Because we love books (reading, buying, writing them), none of us wants to become depressed when we walk into a bookshop. For a different perspective, Malla turned to Borges, who wrote:
Sometimes, looking at the many books I have at home, I feel I shall die before I come to the end of them, yet I cannot resist the temptation of buying new books. Whenever I walk into a bookstore and find a book on one of my hobbies—for example, Old English or Old Norse poetry—I say to myself, “What a pity I can’t buy that book, for I already have a copy at home.”
How many of us could have written the same thing!
And I think, This is where I find the beauty in reading but also in owning far more books than I’ve read: the number I have, or the number I’m confronted with in a store, signifies abundance and flexibility and diversity. For which we’re fantastically lucky, really. I have the gift of being able to walk to my own shelves or the shelves in a shop and pick what I like depending on what attracts me right then. I don’t see all the books as languishing. I see them as potential.
Of course anyone who truly loves books buys more of them than he or she can hope to read in one fleeting lifetime. A good book, resting unopened in its slot on a shelf, full of majestic potentiality, is the most comforting sort of intellectual wallpaper. — David Quaimen
When faced with abundance, we often cower — an inappropriate response in many cases, when you think about it. But abundance wasn’t only what Pasha was talking about; as an author, he was feeling sensitive to all those labours of love on the shelf, perhaps never to be touched. It is sad if we look at it that way. How do we make ourselves feel better about that while not buying up every copy in the store? We simply keep doing what we love, buying and reading what interests us. Most important, we understand our bookbuying and reading selves as absolutely essential, and not only to keep alive the industry that keeps our passion sated.

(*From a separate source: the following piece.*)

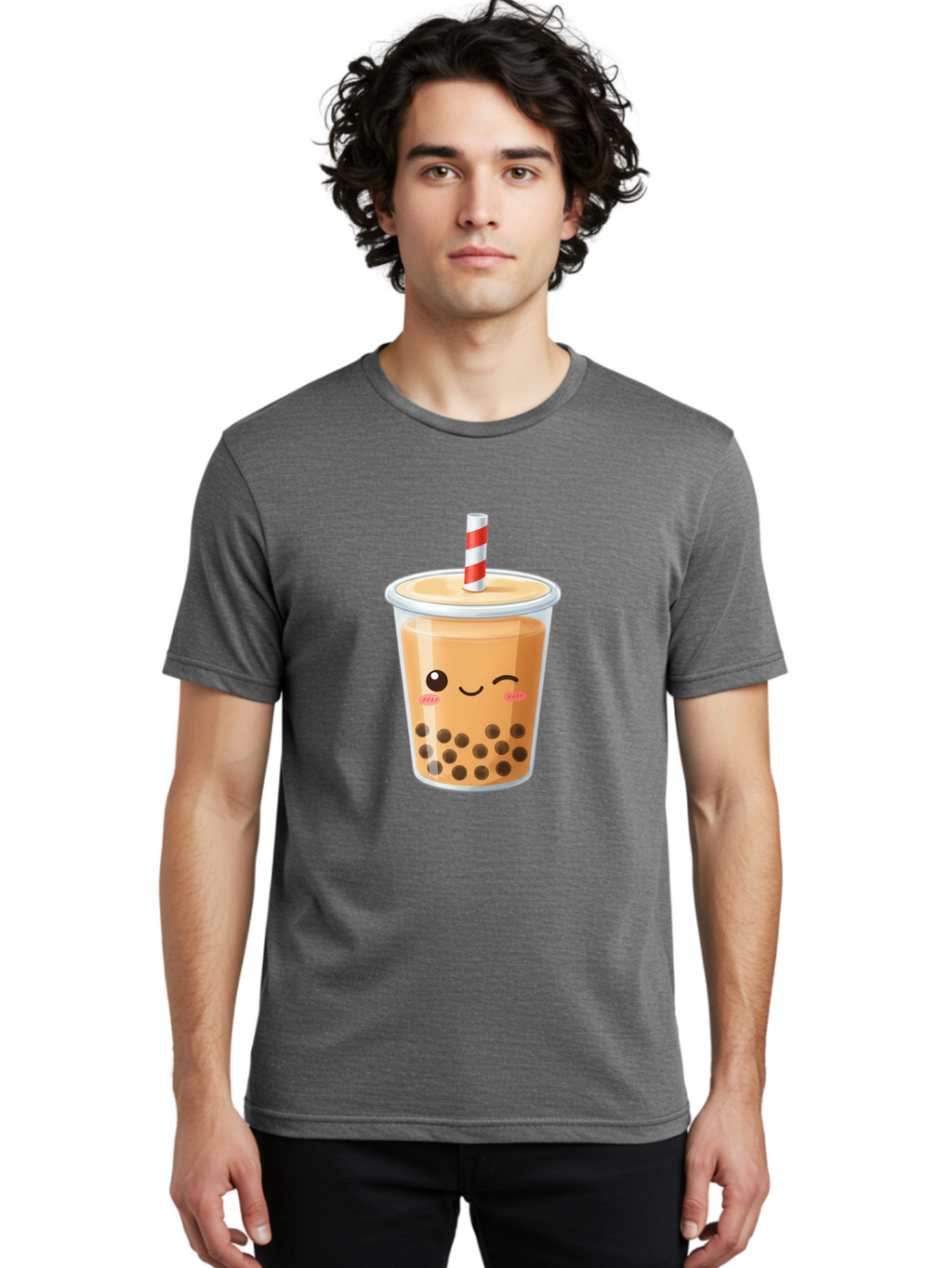 Boba-Tea-18 Men'S Graphic Tee, 100% Cotton, Comfortable Casual Summer Wear, Machine Washable, Boba Tea, Milk Tea, Cartoon Character, Cute Drink, Bubble Tea With Straw, Smiling Face, Adorable Beverage, Boba, Tea Lover Bac659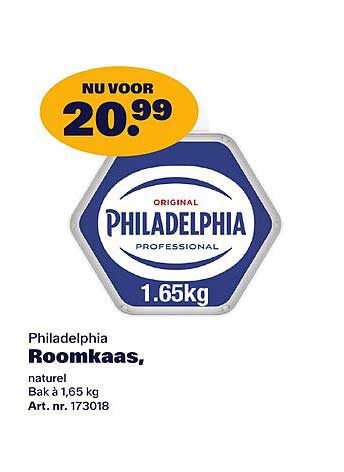 Philadelphia Roomkaas, naturel Bak à 1,65 kg Art. nr. 173018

In the end, Pasha concludes: “Each of those books that appears so ignored, really, only needs one human being to ignite its potential, to breathe life into it, to rescue it from the dead heap of remainderdom.” As Borges wrote,
A book is a physical object in a world of physical objects. It is a set of dead symbols. And then the right reader comes along, and the words—or rather the poetry behind the words, for the words themselves are mere symbols—spring to life, and we have a resurrection of the word.
It’s exciting, isn’t it?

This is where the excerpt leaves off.